**Instructions to follow**
Without changing a character, return the entries, but not the images they hold.

**Task inputs**
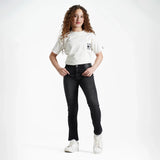 بنطلون جينز سليم فيت بناتى جينز رباعيه ليكرا اسود جميع المواسم من ريمنت - 819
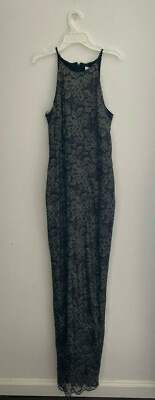 #ad Belle Badgley Mischka Floral Lace Sleeveless Maxi dress sz 6 New NWT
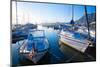 Denia Marina Boats in Alicante Valencia Province of Spain-holbox-Mounted Photographic Print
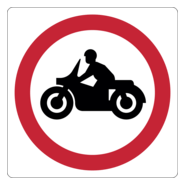 Motorcycles prohibit Logo PNG Vector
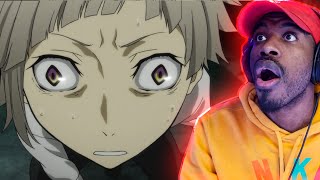 WHAT AM I WATCHINGOMG Bungo Stray Dogs Season 1 Episode 3 Reaction [upl. by Ilarin]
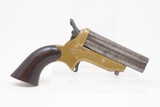Antique CIVIL WAR Era C. SHARPS Model 2 .30 Cal. Rimfire PEPPERBOX Revolver 4 Shot WILD WEST Self Defense Pocket Gun - 16 of 19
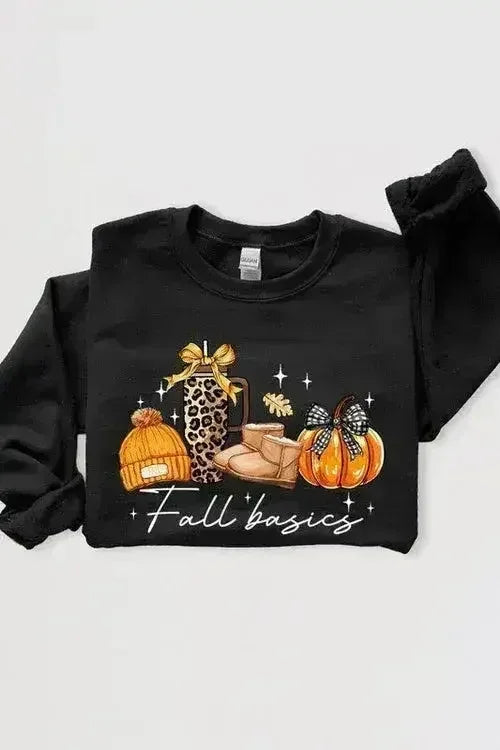 Fall Basics Graphic Fleece Sweatshirts - SJB-DIAMOND ELITES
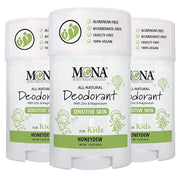 MONA All Natural Deodorant for Kids | Safe for Kids | Vegan, Hypoallergenic & Free from Baking Soda, Aluminum & Synthetic ...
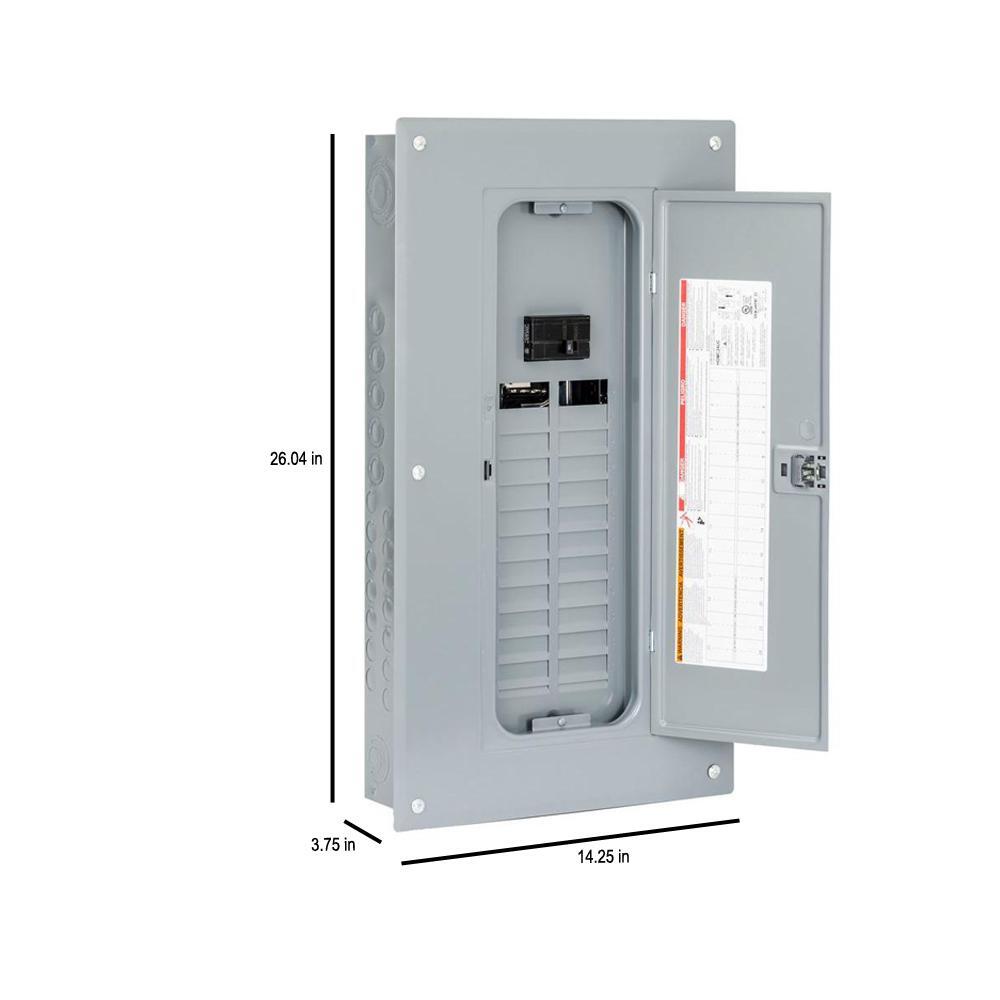 square d main breaker 24-space 48-circuit plug-on neutral load center w/ cover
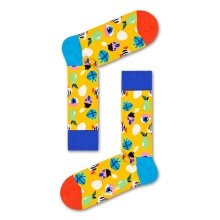 Happy Socks Daily Sock Crew Fantasy Eggs yellow 1pc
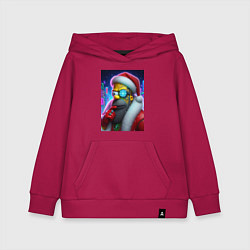 Толстовка детская хлопковая Simpson Claus - cyberpunk, цвет: маджента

**Expected answer**
 بنطلون جينز سليم فيت بناتى جينز رباعيه ليكرا اسود جميع المواسم من ريمنت - 819
 #ad Belle Badgley Mischka Floral Lace Sleeveless Maxi dress sz 6 New NWT
 Denia Marina Boats in Alicante Valencia Province of Spain-holbox-Mounted Photographic Print
 Motorcycles prohibit Logo PNG Vector
 WHAT AM I WATCHINGOMG Bungo Stray Dogs Season 1 Episode 3 Reaction [upl. by Ilarin]
Antique CIVIL WAR Era C. SHARPS Model 2 .30 Cal. Rimfire PEPPERBOX Revolver 4 Shot WILD WEST Self Defense Pocket Gun - 16 of 19
 Fall Basics Graphic Fleece Sweatshirts - SJB-DIAMOND ELITES
 MONA All Natural Deodorant for Kids | Safe for Kids | Vegan, Hypoallergenic & Free from Baking Soda, Aluminum & Synthetic ...
 square d main breaker 24-space 48-circuit plug-on neutral load center w/ cover
 Happy Socks Daily Sock Crew Fantasy Eggs yellow 1pc
 Толстовка детская хлопковая Simpson Claus - cyberpunk, цвет: маджента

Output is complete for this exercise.